Only these lines of the data below are wanted: the one with "экстази Бугульма", the one with "笛莎（DEESHA）【蘇博聯", and any lines between them, each repeated exactly.

Supplied data: Begin

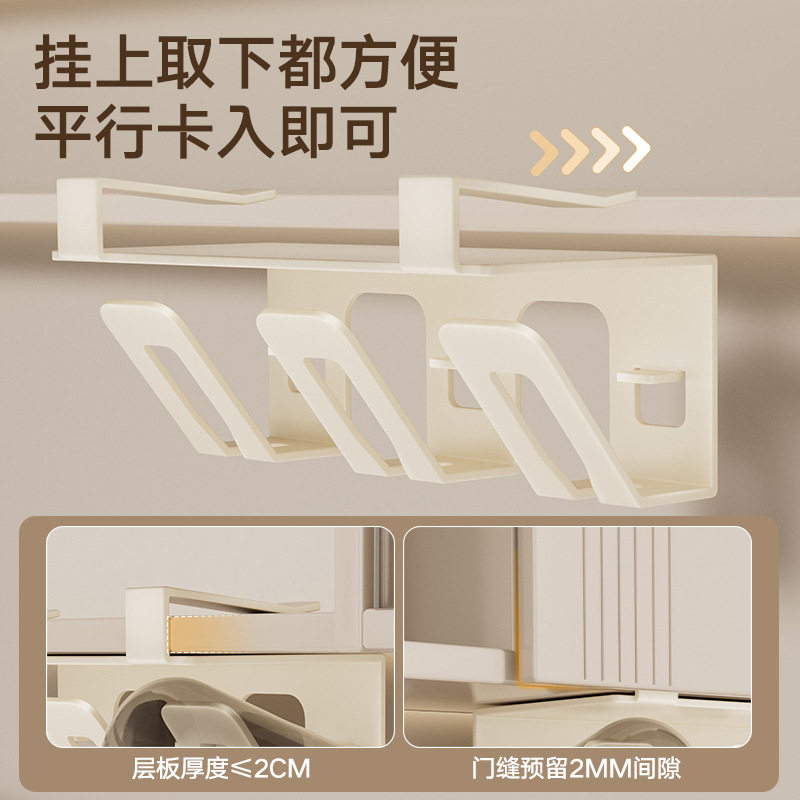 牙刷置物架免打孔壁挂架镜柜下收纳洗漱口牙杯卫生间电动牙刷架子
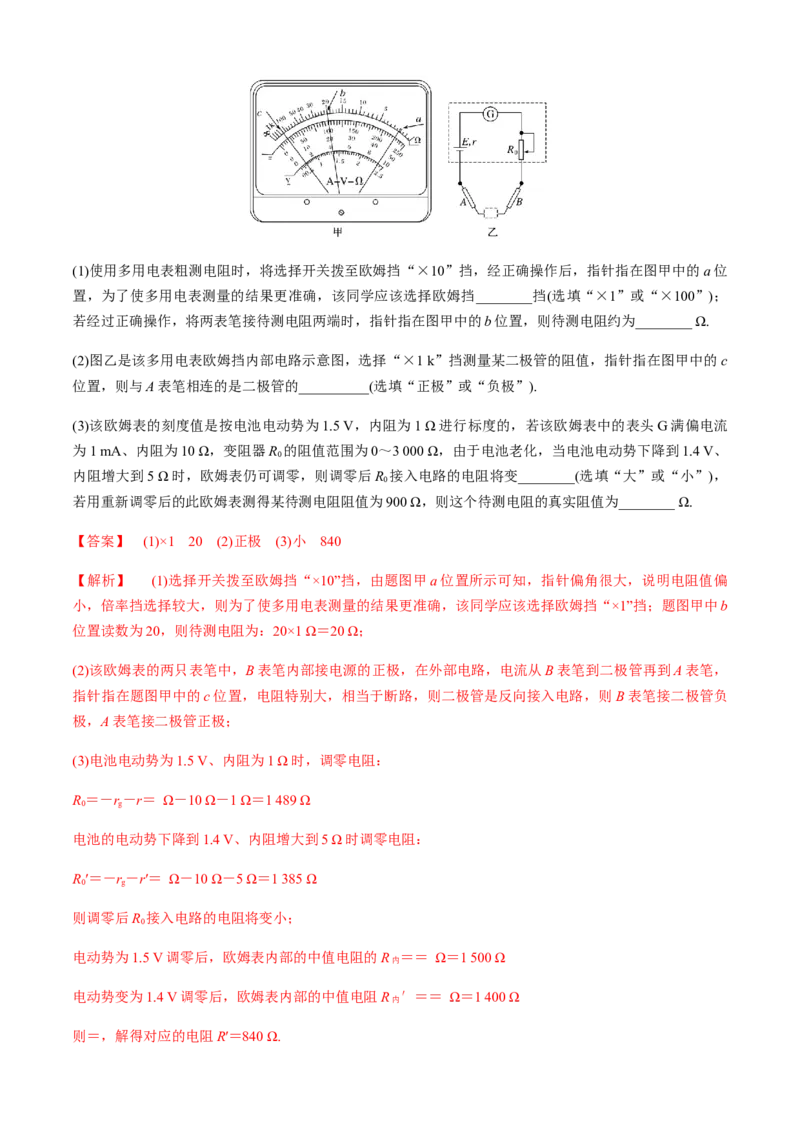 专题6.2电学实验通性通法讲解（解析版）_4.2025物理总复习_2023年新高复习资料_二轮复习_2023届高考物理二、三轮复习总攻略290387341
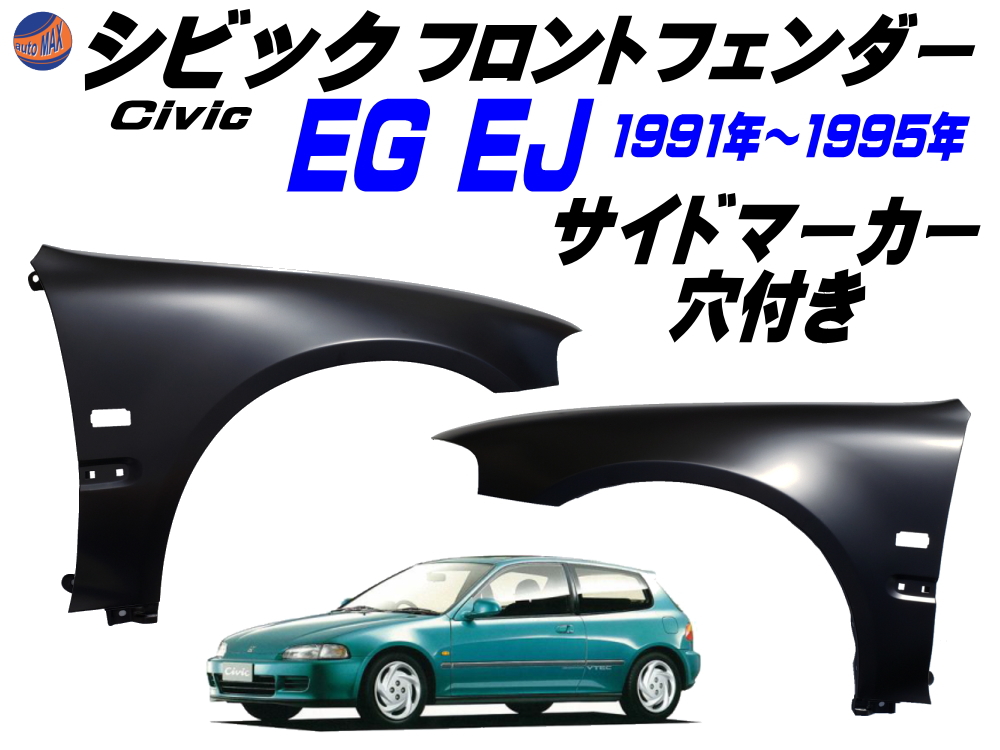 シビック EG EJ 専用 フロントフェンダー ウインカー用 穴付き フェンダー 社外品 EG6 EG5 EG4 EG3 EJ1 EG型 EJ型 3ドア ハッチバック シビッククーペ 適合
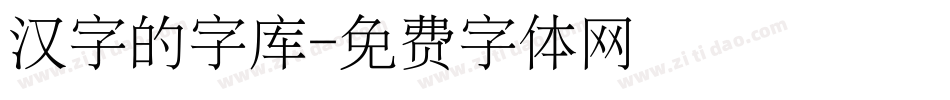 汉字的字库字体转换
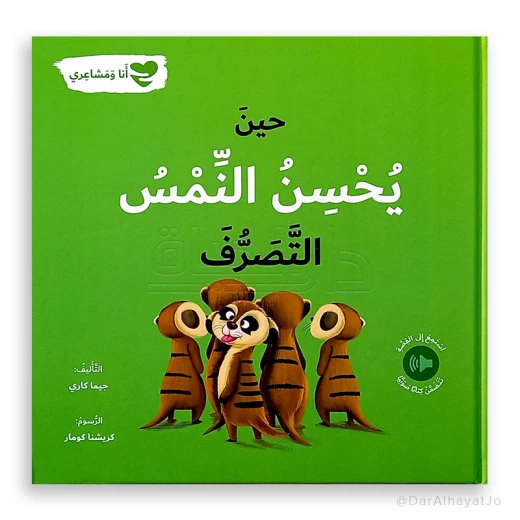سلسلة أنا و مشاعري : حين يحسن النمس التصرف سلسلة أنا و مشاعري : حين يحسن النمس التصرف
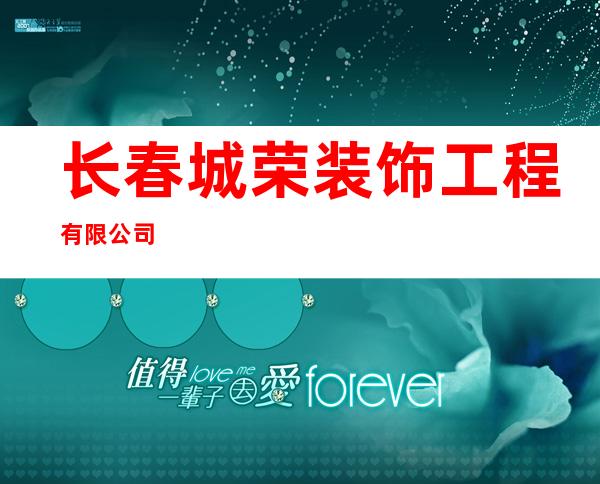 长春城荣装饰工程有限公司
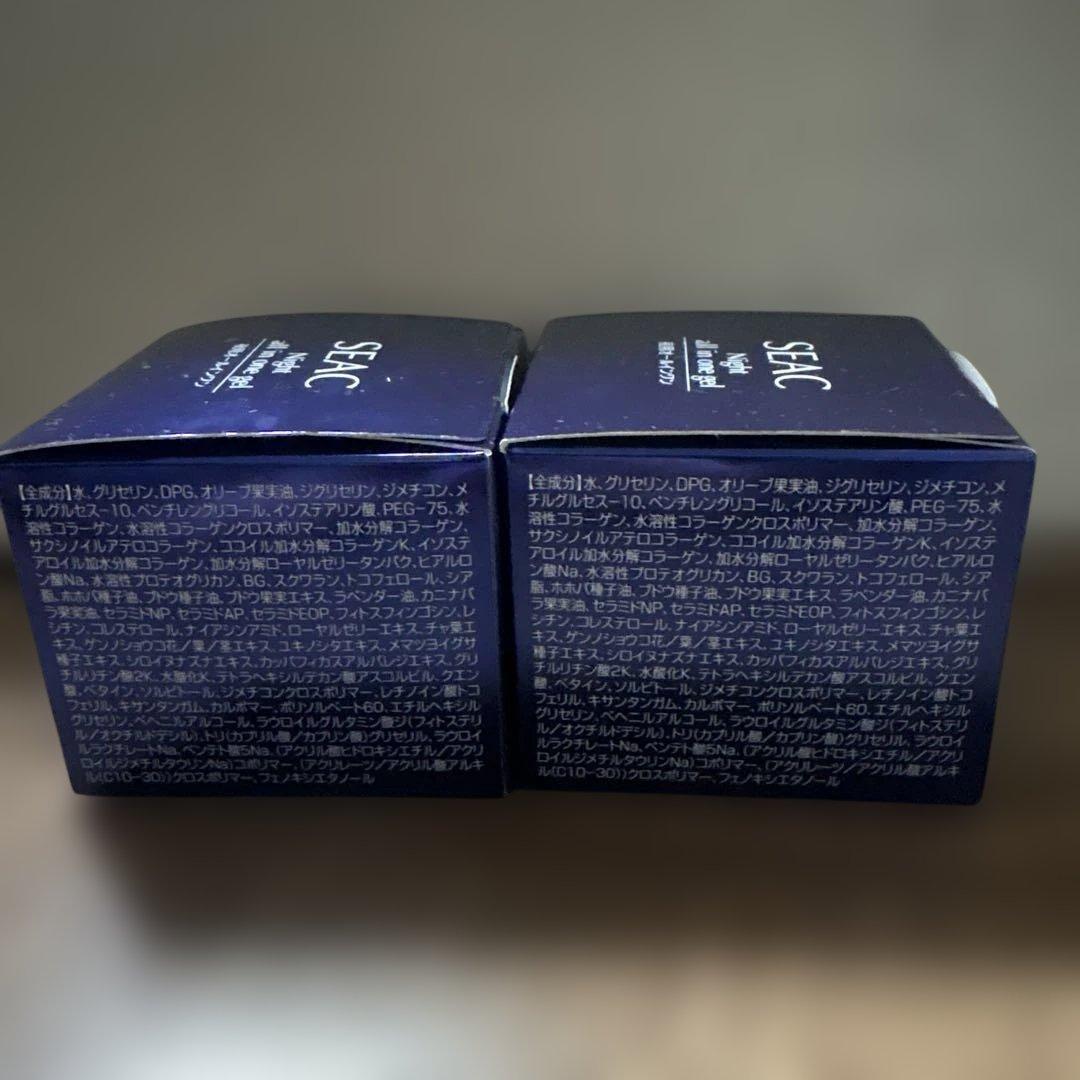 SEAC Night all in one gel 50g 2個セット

Supplied data: End
Supplied data: Begin

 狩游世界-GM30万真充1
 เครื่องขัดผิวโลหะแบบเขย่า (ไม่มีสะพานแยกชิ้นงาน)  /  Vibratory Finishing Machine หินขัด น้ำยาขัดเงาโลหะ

Supplied data: End
Supplied data: Begin

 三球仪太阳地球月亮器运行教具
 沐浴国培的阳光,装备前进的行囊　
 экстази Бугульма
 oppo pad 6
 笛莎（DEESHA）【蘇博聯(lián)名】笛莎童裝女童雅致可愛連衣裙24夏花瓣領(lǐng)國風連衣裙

Supplied data: End

Written solution:
 экстази Бугульма
 oppo pad 6
 笛莎（DEESHA）【蘇博聯(lián)名】笛莎童裝女童雅致可愛連衣裙24夏花瓣領(lǐng)國風連衣裙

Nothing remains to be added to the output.